Frans (or François, Francesco, Franciscus) Krafft (17 February 1729 in Brussels – 13 January 1795 in Ghent) was a composer, organist and director in the Austrian Netherlands (the current Belgium). He was organist at the Saint Bavo Cathedral in Ghent from 1769 to 1794. He is sometimes erroneously named Frans-Joseph, but that is actually his elder brother, born in 1721. He is not to be confused with his cousin, also named Frans Krafft and also born in Brussels in 1733, who later moved to Germany.

==Biography==
Little is known of his life. His father, Jan-Laurens Krafft, was a poet, writer, music publisher and composer of German descent.

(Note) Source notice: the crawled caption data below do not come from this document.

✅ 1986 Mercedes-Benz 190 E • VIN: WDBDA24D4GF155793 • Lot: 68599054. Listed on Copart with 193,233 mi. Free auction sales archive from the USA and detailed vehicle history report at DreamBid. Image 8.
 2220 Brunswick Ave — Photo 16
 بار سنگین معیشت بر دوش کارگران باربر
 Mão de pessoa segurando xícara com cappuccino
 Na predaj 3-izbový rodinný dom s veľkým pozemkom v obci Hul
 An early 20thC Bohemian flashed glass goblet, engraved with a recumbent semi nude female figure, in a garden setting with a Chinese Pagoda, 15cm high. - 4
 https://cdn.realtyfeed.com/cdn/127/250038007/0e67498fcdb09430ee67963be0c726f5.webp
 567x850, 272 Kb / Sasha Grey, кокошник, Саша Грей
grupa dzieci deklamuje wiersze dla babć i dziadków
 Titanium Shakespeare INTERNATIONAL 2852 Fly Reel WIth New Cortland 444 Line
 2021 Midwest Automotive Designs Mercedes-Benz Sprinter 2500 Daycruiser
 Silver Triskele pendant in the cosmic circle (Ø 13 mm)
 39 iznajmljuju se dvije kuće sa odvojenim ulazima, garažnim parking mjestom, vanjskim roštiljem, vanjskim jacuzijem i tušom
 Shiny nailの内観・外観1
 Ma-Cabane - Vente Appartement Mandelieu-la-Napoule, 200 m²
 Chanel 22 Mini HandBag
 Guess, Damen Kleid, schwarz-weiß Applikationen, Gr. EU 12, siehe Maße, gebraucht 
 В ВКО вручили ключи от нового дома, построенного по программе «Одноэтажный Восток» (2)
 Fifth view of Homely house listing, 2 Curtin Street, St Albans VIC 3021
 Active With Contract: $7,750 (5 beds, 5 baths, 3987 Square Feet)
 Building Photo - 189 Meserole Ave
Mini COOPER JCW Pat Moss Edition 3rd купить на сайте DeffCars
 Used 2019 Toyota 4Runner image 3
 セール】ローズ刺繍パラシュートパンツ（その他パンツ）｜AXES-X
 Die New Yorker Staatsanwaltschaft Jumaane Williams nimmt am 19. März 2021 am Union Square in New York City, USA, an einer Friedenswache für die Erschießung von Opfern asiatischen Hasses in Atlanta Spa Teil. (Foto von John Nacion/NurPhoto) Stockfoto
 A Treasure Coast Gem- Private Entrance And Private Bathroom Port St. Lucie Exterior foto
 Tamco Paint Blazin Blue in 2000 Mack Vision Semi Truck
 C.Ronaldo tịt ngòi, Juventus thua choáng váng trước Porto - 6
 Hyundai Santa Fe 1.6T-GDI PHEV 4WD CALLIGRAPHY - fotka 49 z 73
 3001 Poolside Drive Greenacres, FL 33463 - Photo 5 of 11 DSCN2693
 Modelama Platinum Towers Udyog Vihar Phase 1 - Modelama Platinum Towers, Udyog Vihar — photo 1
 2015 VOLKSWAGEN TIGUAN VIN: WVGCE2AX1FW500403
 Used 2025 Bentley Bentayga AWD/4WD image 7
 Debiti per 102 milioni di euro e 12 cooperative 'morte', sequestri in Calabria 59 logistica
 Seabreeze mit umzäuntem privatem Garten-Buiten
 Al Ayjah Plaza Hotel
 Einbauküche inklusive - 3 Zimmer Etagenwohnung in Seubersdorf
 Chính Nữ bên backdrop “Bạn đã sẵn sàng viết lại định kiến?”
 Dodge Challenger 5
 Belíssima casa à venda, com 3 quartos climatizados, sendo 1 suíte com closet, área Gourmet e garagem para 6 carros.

Frans Krafft was active as a musician and printer in Brussels from 1747 onwards. He may have studied composition under Francesco Durante in Italy, where he won a prize with the motet In convertendo. L'Echo, a music magazine from Liège, published some thirty arias by him between 1758 and 1769, two of which from his opera Le faux astrologue – in 1763 performed in Dutch as Den valschen Astrologant. He is mentioned from 1761 to 1768 as composer, organist and keyboard teacher in the Brussels Almanach nouveau – ou Le guide fidèle. On 7 April 1769 he is appointed organist to the Saint Bavo Cathedral in Ghent, a post he held until 23 August 1794, a few months before his death. At the time of this appointment, he was already well reputed in the Netherlands, with main works performed in churches of major towns like Kortrijk and Leuven.

==Works==
- Opera Le faux astrologue or Den valschen Astrologant (1763)
- 3 Motetta
  - Eripe me (a minor, for soprano and strings),
  - Ecce Panis (G major, for soloist, mixed choir and organ),
  - Benedicamus Domino (C major, mixed choir).
- 7 Antiphonae pro tempore Adventus, 1793, g minor, mixed choir and organ.
  - O Sapientia
  - O Adonai
  - O Radix Jesse
  - O Clavis David
  - O Oriens
  - O Rex Gentium
  - O Emmanuel
- Psalmmotetten
  - De Profundis
  - Levavi oculos meos
- Bavonem socio (Hymn for the feast of Saint Bavo) (d minor, mixed choir and basso continuo).
- Et vos beata (Hymn for All Saints) (D major, mixed choir and basso continuo).
- Jesu redemptor omnium (Hymn for Christmas Eve) (C major, mixed choir and basso continuo)
- 7 keyboard pieces for organ or cembalo (of which 3 unfinished), 1766
- 3 Magnificats (C maj., F maj., G maj., mixed choir and organ)
- Mis in F (mixed choir, organ and serpent)
- Missa a tre canti primae classis, (3 soloists, mixed choir and basso continuo).
- Missa di Requiem (E flat maj., mixed choir and organ), 1765
- Missa in Sabbato Sancto (G major, mixed choir and organ)
- Mis in g klein (mixed choir and organ)
- Motet Beatus Vir, (D maj., four soloist, mixed choir and orchestra)
- A Solis Ortu (only soprano part subsists)
- Super flumina Babylonis (g min., for soloists, mixed choir, strings and basso continuo)
- Tu lumen et splendor (Hymn for Christmas Eve) (D maj., mixed choir and organ)
- Motet in exitu Israel

The 20th century Flemish composer Herman Roelstraete has revised, reconstructed, edited and published many of Krafft's works.